Yes, t = t' makes no sense to me
 
  • #19
It seems that you don't want to answer my questions, so i will ask one more. What exactly are the projections? You say that they are to ##R_2## and ##R_1## but from where?
 
  • #20
TurtleKrampus said:
Yes, t = t' makes no sense to me
Coordinates are, in a way, subtly different from the mathematical objects studied in pure mathematics. There's only one number line, or one version of ##\mathbb R^3##. Then you study, say, mappings from ##\mathbb R^3## to itself. In physics, the fundamental object is spacetime; or space and time. But, Newtonian space is different from ##\mathbb R^3## in subtle ways. First, there is no definite origin. The same physical event can be described using different coordinate systems. This is where the concept of relativity comes from. Galilean relativity in Newtonian physics, as opposed to Special Relativity. These are the only two possibilities, given some basic properties of isotropy and homogeneity of spacetime.

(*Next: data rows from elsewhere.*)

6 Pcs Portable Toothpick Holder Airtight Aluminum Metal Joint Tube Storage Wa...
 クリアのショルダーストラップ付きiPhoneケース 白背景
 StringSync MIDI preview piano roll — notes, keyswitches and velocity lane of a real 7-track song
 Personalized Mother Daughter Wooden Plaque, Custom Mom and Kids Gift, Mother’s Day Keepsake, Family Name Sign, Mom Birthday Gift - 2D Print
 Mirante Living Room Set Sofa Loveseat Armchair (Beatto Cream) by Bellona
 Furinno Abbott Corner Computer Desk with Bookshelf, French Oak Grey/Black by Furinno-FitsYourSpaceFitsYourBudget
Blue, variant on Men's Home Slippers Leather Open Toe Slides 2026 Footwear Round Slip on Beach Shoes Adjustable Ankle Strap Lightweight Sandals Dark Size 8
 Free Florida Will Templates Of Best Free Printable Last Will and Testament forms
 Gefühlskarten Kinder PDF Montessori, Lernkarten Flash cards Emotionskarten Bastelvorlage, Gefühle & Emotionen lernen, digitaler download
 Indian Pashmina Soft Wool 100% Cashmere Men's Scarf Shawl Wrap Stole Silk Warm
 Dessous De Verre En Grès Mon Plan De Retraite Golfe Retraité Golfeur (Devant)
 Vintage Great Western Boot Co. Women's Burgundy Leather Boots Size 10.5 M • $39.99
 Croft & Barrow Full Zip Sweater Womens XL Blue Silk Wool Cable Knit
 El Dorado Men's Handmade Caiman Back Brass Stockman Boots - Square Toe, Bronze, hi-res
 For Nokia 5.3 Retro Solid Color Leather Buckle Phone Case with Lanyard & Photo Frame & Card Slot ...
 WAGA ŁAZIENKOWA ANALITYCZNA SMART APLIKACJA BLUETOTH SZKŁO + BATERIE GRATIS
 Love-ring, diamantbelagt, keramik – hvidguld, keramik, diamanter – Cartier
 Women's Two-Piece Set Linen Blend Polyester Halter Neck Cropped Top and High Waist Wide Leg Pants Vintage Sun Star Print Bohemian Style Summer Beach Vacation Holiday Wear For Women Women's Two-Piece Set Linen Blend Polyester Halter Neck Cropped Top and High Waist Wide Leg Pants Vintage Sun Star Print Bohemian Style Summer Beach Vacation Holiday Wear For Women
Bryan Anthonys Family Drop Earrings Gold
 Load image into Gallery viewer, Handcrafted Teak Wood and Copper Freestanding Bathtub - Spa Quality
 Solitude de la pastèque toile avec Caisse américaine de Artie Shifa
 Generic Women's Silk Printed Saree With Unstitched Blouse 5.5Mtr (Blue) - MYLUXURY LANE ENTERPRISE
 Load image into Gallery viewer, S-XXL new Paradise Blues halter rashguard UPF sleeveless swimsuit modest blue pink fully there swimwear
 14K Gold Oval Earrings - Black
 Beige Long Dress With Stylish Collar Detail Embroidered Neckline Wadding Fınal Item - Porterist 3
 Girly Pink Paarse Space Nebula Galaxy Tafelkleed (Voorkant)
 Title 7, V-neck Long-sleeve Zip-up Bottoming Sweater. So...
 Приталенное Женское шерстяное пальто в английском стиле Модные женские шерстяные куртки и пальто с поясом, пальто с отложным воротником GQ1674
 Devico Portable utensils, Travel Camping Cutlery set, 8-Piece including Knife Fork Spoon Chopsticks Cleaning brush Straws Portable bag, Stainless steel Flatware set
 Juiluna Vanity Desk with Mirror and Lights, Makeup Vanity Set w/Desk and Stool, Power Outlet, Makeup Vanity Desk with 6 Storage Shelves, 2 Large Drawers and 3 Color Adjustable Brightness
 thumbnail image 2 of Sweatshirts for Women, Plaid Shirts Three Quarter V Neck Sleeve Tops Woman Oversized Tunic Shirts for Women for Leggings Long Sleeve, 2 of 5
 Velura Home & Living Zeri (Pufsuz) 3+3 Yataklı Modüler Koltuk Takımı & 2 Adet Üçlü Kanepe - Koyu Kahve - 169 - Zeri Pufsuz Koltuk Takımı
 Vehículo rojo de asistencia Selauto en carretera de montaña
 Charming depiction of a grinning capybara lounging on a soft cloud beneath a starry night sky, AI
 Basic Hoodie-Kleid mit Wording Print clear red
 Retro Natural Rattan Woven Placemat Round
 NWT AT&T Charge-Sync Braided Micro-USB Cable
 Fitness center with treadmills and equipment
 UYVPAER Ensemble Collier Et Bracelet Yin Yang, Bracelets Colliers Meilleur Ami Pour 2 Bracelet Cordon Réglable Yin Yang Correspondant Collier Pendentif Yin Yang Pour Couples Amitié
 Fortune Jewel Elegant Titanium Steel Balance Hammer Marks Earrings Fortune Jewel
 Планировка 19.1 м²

Trying to retreat into pure mathematics is a mistake, if you really want to learn physics. There's also an operational aspect. Operationally, what ##t = t'## means is that two different reference frames assign coordinates (through physical measurements) to each event, but the ##t## coordinate always has the same numerical value as the ##t'## coordinate.

Note that there are some quantities where this is assumed to the point where it feels odd to question them: for measurements of the mass of a particle ##m = m'##; electric charge: ##q = q'##. These are physical, operational statements (or assumptions). The assumption ##t = t'## might be another obvious one. In Special Relativity, however, this assumption is abandoned in favour of ##c = c'## (where ##c## is the measured speed of light.)

In any case, the statement ##t = t'## makes physical sense in that it says that time has the same measured value in all reference frames. That's an important physical assumption.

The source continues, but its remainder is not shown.